● **RECORDED DATA**
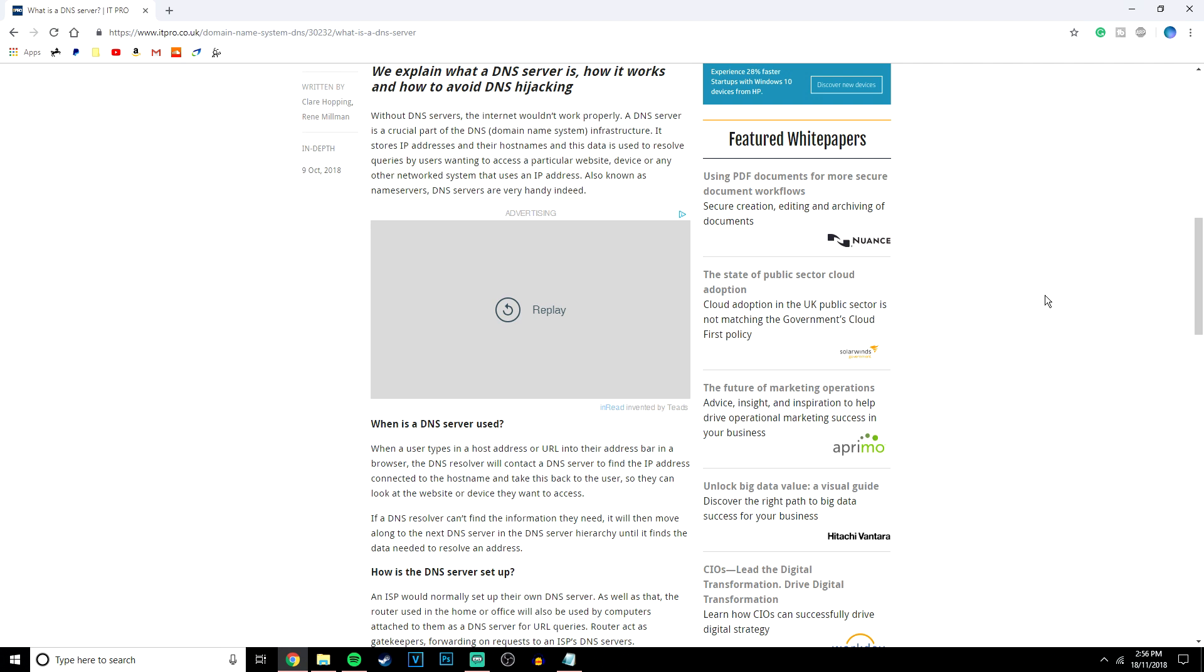A better DNS server will do this more efficiently with more security since it already has a memory or stored cache of the up-to-date IP addresses for the websites you want to access. Basically, you don't have to type in long numbers just to get to YouTube.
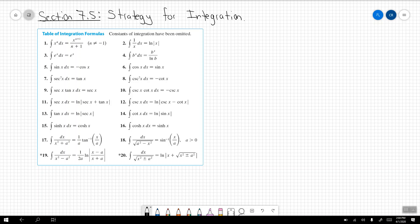Hi everybody. Today we're going to be covering section 7.5, which is known as strategies for integration. On the screen you'll see a table of integration formulas. This table comes directly from your book, so if you have the book you can follow along. These are the integrals we're going to need for the remainder of the course.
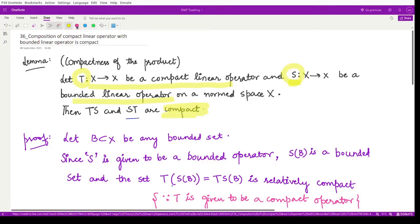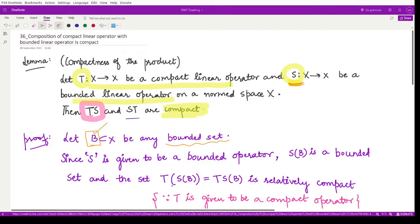Firstly, we are going to prove that TS is a compact operator. For that, we consider a bounded set B from the normed space X. Because S is a bounded operator, it will map a bounded set to another bounded set. So because our set B was bounded, the operator S would map this set B to another set S(B), which would also be a bounded set.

● **INSTRUCTIONS TO FOLLOW**
Once the pictures have been removed, reproduce each line of the material above exactly.

● **FINAL ANSWER**
A better DNS server will do this more efficiently with more security since it already has a memory or stored cache of the up-to-date IP addresses for the websites you want to access. Basically, you don't have to type in long numbers just to get to YouTube.
Hi everybody. Today we're going to be covering section 7.5, which is known as strategies for integration. On the screen you'll see a table of integration formulas. This table comes directly from your book, so if you have the book you can follow along. These are the integrals we're going to need for the remainder of the course.
Firstly, we are going to prove that TS is a compact operator. For that, we consider a bounded set B from the normed space X. Because S is a bounded operator, it will map a bounded set to another bounded set. So because our set B was bounded, the operator S would map this set B to another set S(B), which would also be a bounded set.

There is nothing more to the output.